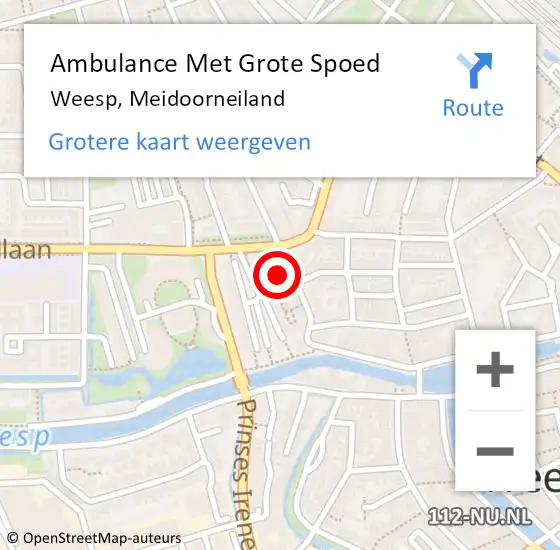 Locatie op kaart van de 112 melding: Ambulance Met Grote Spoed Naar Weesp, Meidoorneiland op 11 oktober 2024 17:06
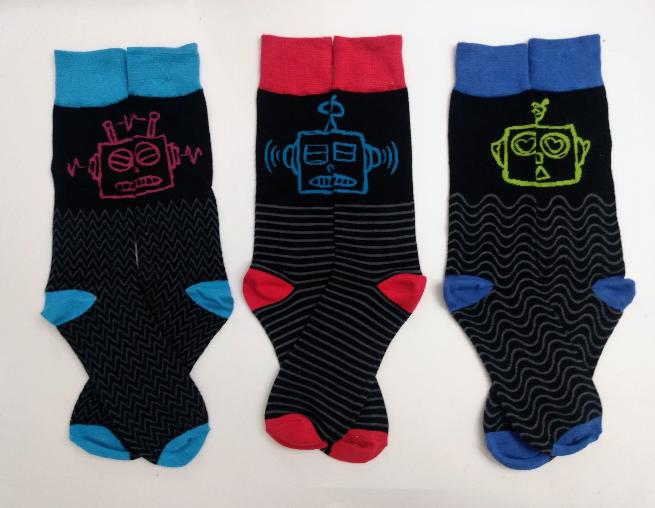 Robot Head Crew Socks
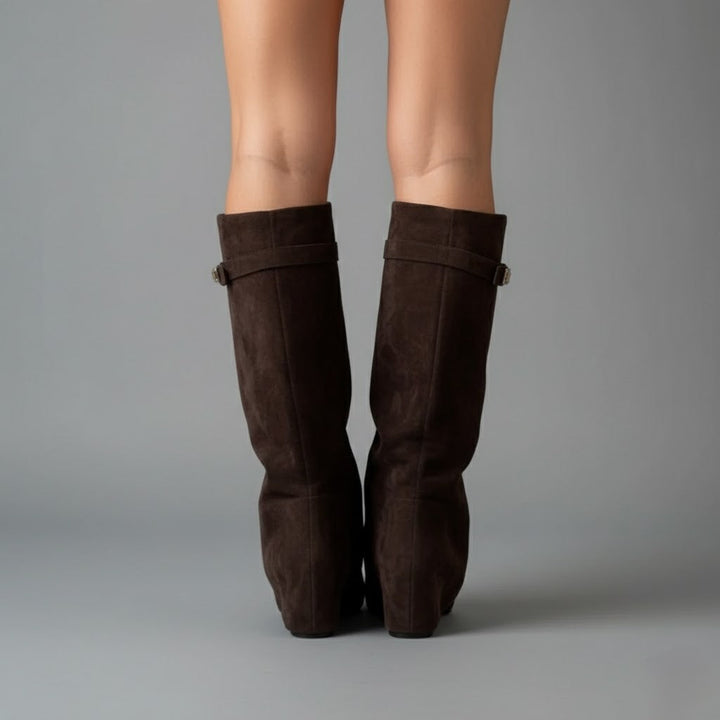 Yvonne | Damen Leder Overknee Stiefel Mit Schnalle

□ □ □ □ □

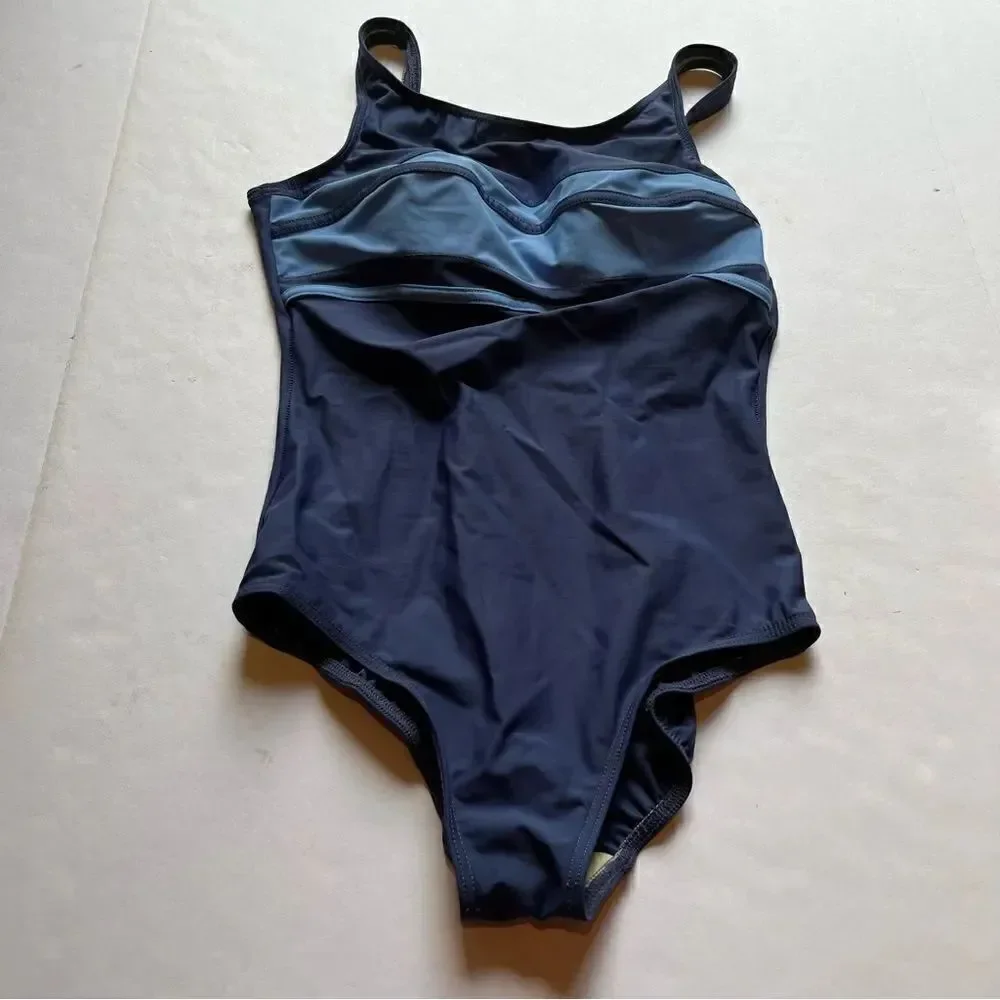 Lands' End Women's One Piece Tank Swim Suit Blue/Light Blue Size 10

□ □ □ □ □

Assigned task: In the listing above, find the line containing "Locatie op kaart" and the line containing "Yvonne | Damen". Reproduce those lines and all between them exactly, with no pictures and nothing more.

The completed task:
 Locatie op kaart van de 112 melding: Ambulance Met Grote Spoed Naar Weesp, Meidoorneiland op 11 oktober 2024 17:06
 Robot Head Crew Socks
 Yvonne | Damen Leder Overknee Stiefel Mit Schnalle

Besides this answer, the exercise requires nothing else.